* Data excerpts:
:::::

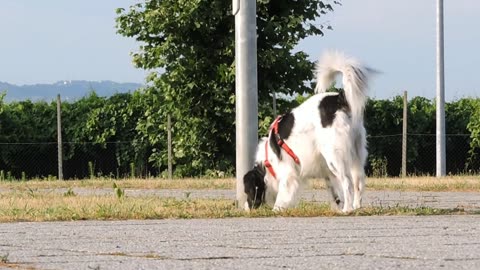 Learn the names and sounds of animals such as cows, goats, buffaloes, dogs, butterflies, etc.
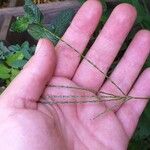 Digitaria ciliaris Blatt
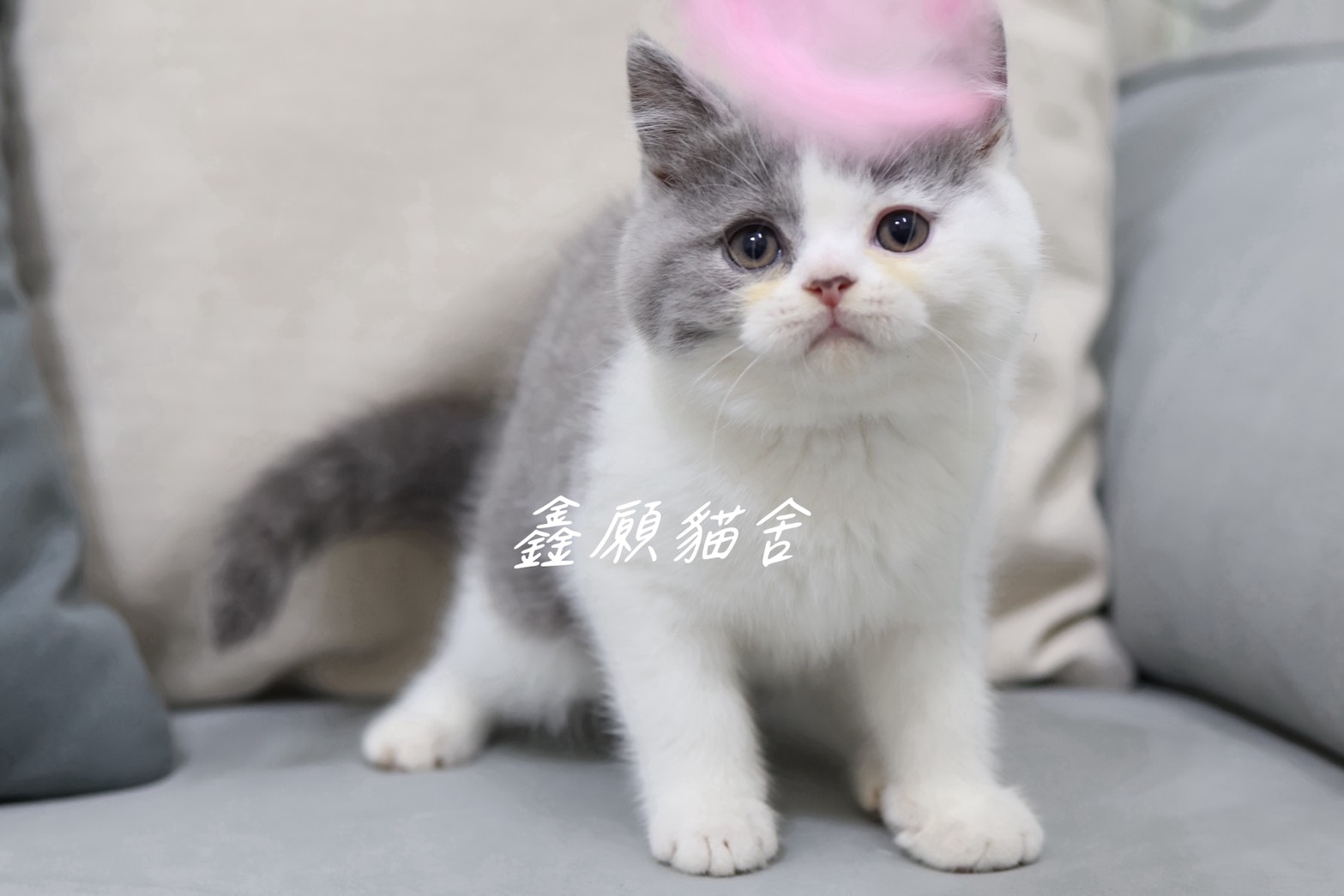 鑫願貓舍／藍白賓士英國短毛貓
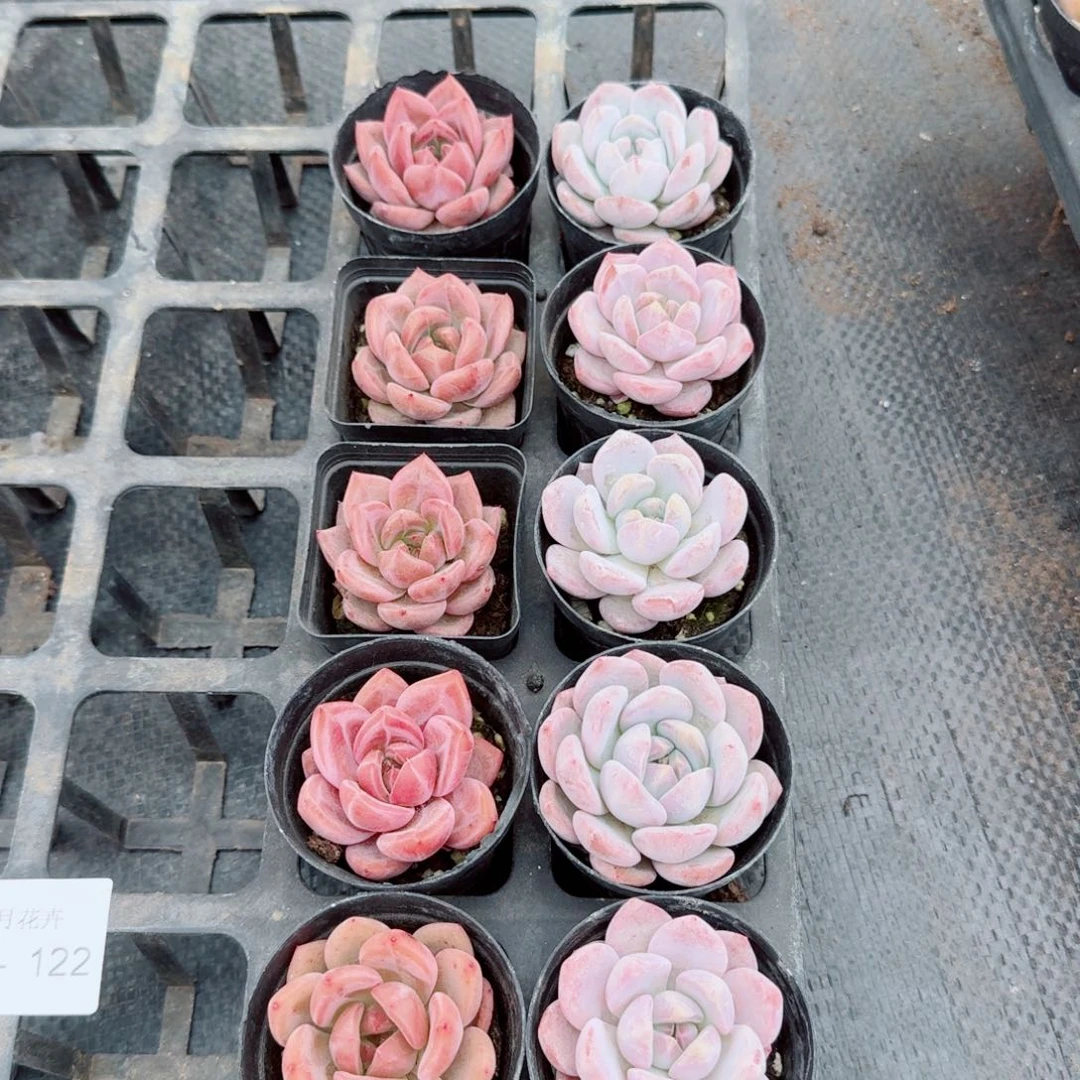 q橙奶盖各五颗量拍10-122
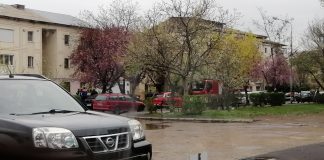 ULTIMA ORĂ Intervenție pentru salvarea unui câine aflat la înălțime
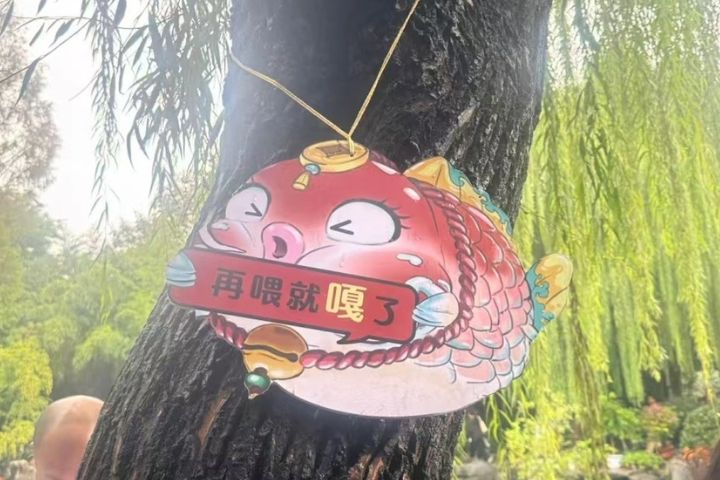 景區內掛有卡通警示牌提醒「再喂就嘎了（死了）」，希望勸導遊客遏止投餵行為。/取自九派新聞影片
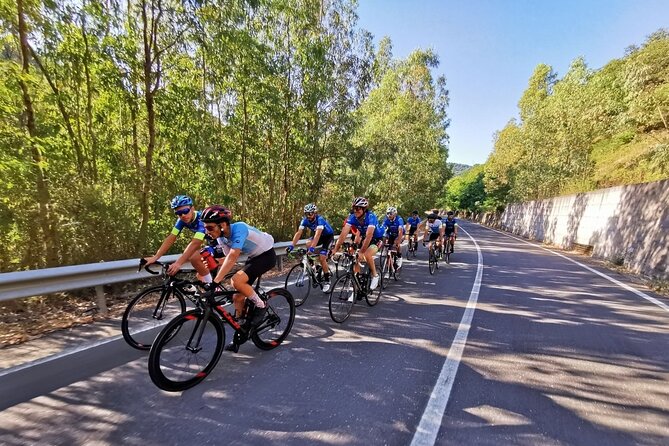 Etna Bike Tour - Cycling in Sicily - Route Description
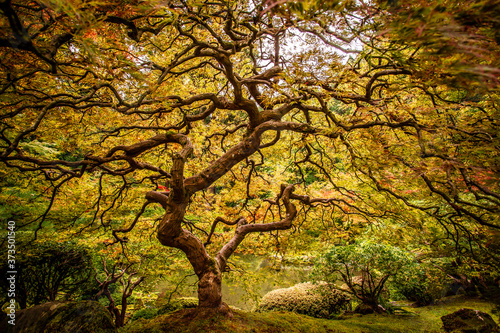 Japanese Maple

:::::

* Exercise prompt: Give the data again exactly. Keep the images out.

* Exercise result:
 Learn the names and sounds of animals such as cows, goats, buffaloes, dogs, butterflies, etc.
 Digitaria ciliaris Blatt
 鑫願貓舍／藍白賓士英國短毛貓
 q橙奶盖各五颗量拍10-122
 ULTIMA ORĂ Intervenție pentru salvarea unui câine aflat la înălțime
 景區內掛有卡通警示牌提醒「再喂就嘎了（死了）」，希望勸導遊客遏止投餵行為。/取自九派新聞影片
 Etna Bike Tour - Cycling in Sicily - Route Description
 Japanese Maple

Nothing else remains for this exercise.